Freie Universität Berlin @ Theoretical Ecology

January 23, 2024

Reproduce slides

library(tidyr)
library(dplyr)
library(ggplot2)
library(ggfortify)

## theme for ggplot
theme_set(theme_classic())
theme_update(text = element_text(size = 14))

1 When to transform data?

The relationhip between the response and the predictor is non-linear/exponential \(\rightarrow\) log-transform the predictor variable
You want an interpretable intercept \(\rightarrow\) center the predictor variables
You want to compare the coefficients of different predictors \(\rightarrow\) standardize (center and divide by the standard deviation) the predictor variables
You have quantities with several orders of magnitude \(\rightarrow\) log-transform the variables to be able to compare them

2 When to better not use transformations?

often it’s better to use a generalized linear model (GLM) instead of a transformation of the response variable, especially if you want to test a hypothesis

see, for example: R. B. O’Hara and D. J. Kotze, “Do not log‐transform count data,” Methods in Ecology and Evolution, 2010. doi: 10.1111/j.2041-210x.2010.00021.x.

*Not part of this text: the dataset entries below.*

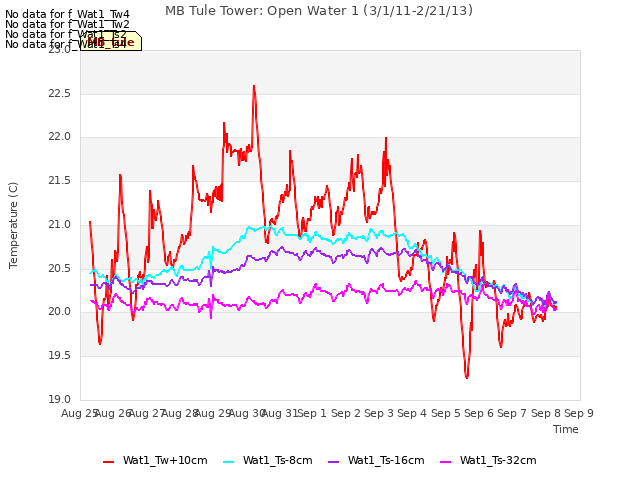 plot of MB Tule Tower: Open Water 1 (3/1/11-2/21/13)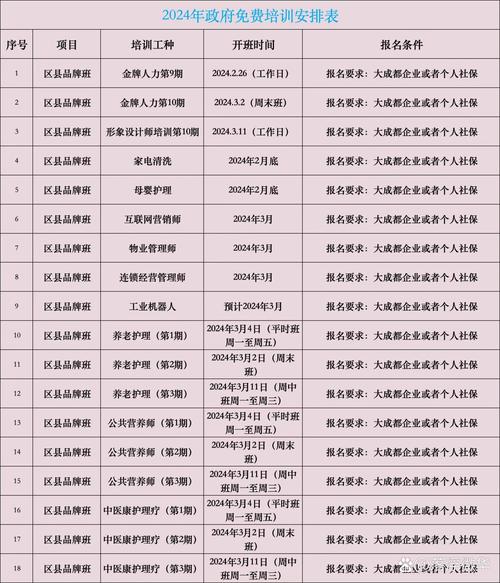 2024应届生技能培训报班避坑对照表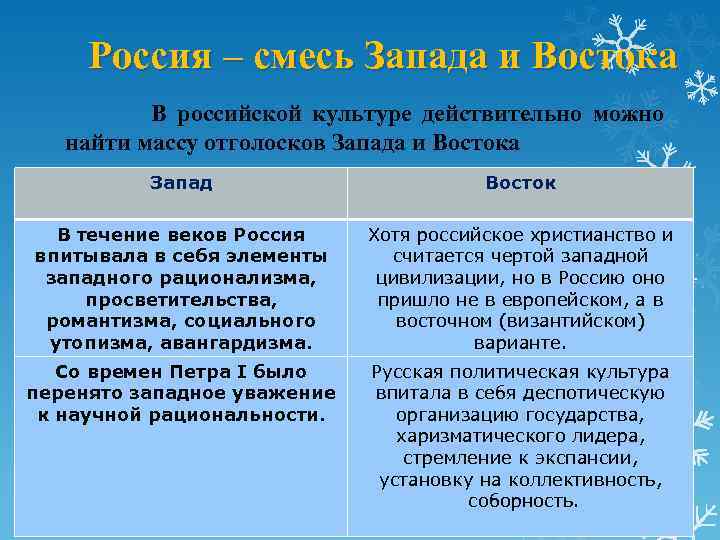 Проект на тему российское общество между западом и востоком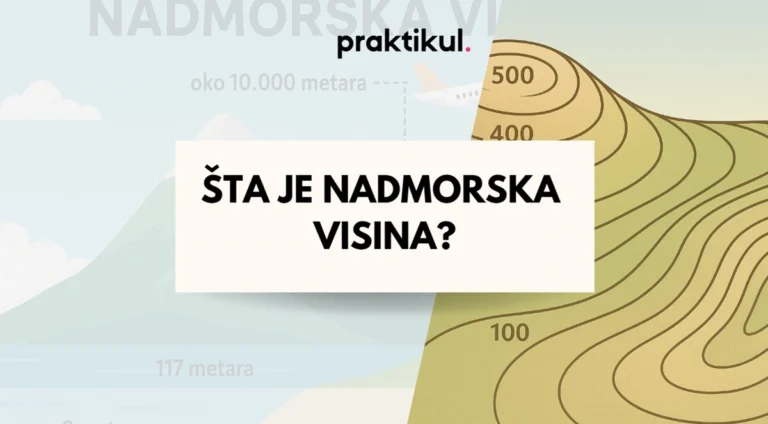 Šta je nadmorska visina?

3 Transformation for visualisation

Source on wikimedia

4 Workflow

flowchart LR
  A[fit model\nto raw\ndata] --> B[check\nassumptions]
  B -->|if not\nfulfilled| T[transform\ndata]
  T --> J
  J[fit model to\ntransformed\ndata] --> K[check\nassumptions]
  K --> P
  B -->|if fulfilled| P
  P[make\npredictions] --> S[plot raw\ndata and\npredictions]
  
style T fill:#f80